Call for Skepticism and Caution When Using Test Scores in Teacher Evaluations

We need to be careful that the tests we use in a properly designed teacher-appraisal system do, in fact, contribute to a valid (that is accurate) inference about a teacher’s quality.” W. James Popham, Evaluating America’s Teachers: Mission Possible?
North Carolina took the plunge this year and started using test scores as part of teacher and principal evaluations. The state has even invented a "new" kind of test, called a "Measure of Student Learning" in order to make sure there is plenty of test data to go around. What is particularly telling is how "carefully" the state crafted the term "Measures of Student Learning." It's as if somehow, not calling it a test, makes it not a test. State level educational logic never ceases to amaze me. Of course, the state then started calling these "Measures of Student Learning" something else. They started calling them "Common Exams." Notice again, the careful use of the word "exam" rather than "test." It's almost as if you don't call it a test, it isn't a test, but apparently state level policymakers haven't heard the old saw about a rose still being a rose even if it has another name.

Besides North Carolina's struggle with what to call their newly implemented tests, there's still the question of what the unintended consequences of having thousands of teachers "teaching to the test" is going to do for students in our state. Ultimately, being able brag that your students "Have the best scores in the world" is most likely what politicians and state level education officials are after. That's why they see salvation through test scores as the means to the "Educational Promised Land." Ultimately, there's a flawed logic driving this whole accountability and testing movement: it's the whole idea that learning can be entirely reduced to bubble sheet answer sheets and taken in a single sitting. And, that teachers can't be trusted to tell when a student has demonstrated that they have learned or not.
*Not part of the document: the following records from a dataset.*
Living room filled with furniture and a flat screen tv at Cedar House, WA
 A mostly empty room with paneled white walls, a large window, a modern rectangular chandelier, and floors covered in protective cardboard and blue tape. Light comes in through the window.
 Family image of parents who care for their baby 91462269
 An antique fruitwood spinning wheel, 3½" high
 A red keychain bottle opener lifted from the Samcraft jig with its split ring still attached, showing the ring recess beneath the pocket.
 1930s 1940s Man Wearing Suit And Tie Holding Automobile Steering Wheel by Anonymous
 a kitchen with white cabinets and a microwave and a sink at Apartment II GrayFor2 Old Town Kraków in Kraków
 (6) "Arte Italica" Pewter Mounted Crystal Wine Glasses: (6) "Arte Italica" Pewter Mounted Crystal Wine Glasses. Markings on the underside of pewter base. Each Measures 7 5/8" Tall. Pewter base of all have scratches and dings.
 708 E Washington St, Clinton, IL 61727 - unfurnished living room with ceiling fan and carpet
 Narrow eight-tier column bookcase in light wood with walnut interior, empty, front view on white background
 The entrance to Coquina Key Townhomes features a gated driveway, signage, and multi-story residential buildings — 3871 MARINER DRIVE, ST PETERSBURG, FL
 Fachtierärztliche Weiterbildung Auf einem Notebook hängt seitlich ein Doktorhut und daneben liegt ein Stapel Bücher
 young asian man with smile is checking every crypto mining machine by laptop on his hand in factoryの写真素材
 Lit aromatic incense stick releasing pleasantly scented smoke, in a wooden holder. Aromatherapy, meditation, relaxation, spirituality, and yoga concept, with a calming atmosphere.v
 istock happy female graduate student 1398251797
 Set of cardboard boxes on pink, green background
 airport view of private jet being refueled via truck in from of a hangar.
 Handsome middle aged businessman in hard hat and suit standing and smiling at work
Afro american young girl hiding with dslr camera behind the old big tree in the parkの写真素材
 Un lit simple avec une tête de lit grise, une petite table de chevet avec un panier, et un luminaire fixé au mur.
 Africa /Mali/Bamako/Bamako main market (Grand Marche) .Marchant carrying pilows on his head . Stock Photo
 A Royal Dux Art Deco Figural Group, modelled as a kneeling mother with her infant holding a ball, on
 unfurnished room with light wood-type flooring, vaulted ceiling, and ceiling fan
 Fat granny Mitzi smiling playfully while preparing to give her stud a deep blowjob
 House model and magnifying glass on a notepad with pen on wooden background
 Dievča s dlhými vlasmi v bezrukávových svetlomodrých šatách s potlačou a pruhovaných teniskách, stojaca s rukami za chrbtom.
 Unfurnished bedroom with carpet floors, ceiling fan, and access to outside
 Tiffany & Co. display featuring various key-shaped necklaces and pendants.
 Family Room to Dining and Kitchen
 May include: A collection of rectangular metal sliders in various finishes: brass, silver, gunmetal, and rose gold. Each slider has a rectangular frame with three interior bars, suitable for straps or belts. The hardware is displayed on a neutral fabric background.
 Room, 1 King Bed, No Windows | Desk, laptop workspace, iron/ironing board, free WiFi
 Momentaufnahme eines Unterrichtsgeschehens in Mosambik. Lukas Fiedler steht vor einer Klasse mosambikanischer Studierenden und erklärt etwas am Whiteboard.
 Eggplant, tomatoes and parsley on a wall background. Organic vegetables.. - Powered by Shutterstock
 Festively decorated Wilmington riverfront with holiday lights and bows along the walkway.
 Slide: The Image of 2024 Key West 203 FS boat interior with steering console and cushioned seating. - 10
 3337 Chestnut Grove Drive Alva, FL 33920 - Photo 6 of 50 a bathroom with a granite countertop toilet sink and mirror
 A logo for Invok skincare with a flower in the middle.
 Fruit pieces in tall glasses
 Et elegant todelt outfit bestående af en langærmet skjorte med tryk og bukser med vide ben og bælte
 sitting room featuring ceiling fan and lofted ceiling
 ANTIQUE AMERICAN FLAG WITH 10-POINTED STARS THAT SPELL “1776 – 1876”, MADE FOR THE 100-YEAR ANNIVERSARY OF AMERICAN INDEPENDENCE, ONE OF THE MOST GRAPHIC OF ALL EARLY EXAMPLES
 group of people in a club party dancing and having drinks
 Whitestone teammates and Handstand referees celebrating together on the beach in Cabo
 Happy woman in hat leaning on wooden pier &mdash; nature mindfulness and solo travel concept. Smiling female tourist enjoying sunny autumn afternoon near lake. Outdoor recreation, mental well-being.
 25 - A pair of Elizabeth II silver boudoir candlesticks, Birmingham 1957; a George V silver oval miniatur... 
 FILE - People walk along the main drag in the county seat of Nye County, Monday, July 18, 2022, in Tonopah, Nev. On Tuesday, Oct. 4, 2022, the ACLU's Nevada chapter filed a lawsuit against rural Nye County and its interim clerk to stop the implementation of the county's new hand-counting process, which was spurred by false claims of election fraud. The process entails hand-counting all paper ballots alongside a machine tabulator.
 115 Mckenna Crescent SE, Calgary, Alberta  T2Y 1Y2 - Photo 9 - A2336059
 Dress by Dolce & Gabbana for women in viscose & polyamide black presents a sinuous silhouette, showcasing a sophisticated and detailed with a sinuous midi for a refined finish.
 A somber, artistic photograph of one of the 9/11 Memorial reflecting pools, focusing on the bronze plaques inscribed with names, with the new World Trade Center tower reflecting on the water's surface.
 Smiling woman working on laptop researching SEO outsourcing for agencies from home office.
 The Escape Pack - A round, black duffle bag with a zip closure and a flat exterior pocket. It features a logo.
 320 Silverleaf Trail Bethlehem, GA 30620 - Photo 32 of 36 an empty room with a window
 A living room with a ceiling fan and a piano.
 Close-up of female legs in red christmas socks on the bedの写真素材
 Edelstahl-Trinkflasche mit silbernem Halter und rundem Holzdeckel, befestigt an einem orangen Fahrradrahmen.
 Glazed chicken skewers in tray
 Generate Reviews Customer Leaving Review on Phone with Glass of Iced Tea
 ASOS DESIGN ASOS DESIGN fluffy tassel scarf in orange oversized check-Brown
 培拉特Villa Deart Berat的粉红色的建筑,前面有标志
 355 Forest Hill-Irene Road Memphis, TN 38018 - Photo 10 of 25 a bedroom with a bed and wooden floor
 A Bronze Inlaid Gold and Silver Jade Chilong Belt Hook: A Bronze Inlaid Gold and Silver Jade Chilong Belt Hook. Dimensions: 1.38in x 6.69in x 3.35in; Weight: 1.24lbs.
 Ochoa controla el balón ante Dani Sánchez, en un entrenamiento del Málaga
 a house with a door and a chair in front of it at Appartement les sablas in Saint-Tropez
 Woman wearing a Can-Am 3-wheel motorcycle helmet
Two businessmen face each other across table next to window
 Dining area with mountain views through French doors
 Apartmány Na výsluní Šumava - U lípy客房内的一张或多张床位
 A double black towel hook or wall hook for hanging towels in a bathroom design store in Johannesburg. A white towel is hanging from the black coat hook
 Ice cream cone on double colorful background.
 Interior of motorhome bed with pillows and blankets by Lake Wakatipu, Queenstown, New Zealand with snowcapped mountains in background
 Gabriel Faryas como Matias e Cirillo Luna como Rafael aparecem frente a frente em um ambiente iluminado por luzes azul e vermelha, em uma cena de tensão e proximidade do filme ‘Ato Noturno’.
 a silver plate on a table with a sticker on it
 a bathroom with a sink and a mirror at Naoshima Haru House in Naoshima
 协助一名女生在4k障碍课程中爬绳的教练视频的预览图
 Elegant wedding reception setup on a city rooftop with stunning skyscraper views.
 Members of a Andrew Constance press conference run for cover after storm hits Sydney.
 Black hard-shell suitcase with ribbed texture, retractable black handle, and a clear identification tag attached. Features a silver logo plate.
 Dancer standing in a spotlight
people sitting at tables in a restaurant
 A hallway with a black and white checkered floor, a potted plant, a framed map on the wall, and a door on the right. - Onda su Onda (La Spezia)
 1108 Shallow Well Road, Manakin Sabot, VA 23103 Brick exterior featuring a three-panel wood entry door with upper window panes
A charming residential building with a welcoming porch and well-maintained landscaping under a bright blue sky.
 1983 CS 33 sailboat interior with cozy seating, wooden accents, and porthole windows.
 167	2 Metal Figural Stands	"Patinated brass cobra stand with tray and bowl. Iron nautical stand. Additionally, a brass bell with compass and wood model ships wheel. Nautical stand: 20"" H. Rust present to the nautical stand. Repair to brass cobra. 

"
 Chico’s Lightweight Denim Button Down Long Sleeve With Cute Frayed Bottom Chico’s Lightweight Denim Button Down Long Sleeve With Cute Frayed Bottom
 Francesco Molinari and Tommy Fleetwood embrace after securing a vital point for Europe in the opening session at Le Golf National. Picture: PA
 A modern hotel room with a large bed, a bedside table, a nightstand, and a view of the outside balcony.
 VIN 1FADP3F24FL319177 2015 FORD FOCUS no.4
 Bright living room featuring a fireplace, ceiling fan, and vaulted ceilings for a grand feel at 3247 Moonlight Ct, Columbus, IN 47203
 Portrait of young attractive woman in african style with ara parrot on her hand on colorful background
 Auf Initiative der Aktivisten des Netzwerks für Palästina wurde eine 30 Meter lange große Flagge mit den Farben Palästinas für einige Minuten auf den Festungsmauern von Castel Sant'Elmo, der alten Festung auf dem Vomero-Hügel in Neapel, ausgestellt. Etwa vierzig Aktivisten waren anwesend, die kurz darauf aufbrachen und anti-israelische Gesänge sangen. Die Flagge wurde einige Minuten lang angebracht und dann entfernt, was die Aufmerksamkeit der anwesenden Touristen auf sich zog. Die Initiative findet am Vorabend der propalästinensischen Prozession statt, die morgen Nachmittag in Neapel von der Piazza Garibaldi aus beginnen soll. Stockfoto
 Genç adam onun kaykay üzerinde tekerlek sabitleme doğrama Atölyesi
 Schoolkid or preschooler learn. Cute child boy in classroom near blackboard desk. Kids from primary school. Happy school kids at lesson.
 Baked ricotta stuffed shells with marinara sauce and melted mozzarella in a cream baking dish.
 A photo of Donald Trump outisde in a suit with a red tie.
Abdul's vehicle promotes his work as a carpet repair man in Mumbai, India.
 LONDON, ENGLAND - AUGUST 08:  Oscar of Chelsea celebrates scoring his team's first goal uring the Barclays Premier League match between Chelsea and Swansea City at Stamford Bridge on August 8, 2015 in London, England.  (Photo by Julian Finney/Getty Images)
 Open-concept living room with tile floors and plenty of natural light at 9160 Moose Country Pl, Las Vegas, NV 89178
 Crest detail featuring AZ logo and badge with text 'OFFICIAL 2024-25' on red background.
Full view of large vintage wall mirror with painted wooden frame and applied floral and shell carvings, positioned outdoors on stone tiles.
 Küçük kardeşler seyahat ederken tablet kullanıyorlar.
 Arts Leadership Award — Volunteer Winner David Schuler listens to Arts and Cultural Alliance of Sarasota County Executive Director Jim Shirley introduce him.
In my years as an educator, I have been amazed how trusting and accepting educators in North Carolina are when it comes to the latest policy flowing down from on high. It's as if they accept that those at the state level know more than they do, or somehow have access to magical information they do not have. So, when they implement something like the use of test scores in evaluations, many educators accept that the powers that be at the state level know what they are doing, so they trust them. Given the history of reform ideas and educational policy that travels down from on high, this "trust" is highly misplaced. I like to think that state level education officials mean well, but what often has happened during my career, these ideas when implemented locally have sometimes been a disaster and have been sometimes downright bad for kids. Instead of being so trusting, I submit that all educators in the schools and districts need to become skeptics and ask tough questions of our state-level, and federal level policymakers. We should never accept the "trust me, this will work" answer.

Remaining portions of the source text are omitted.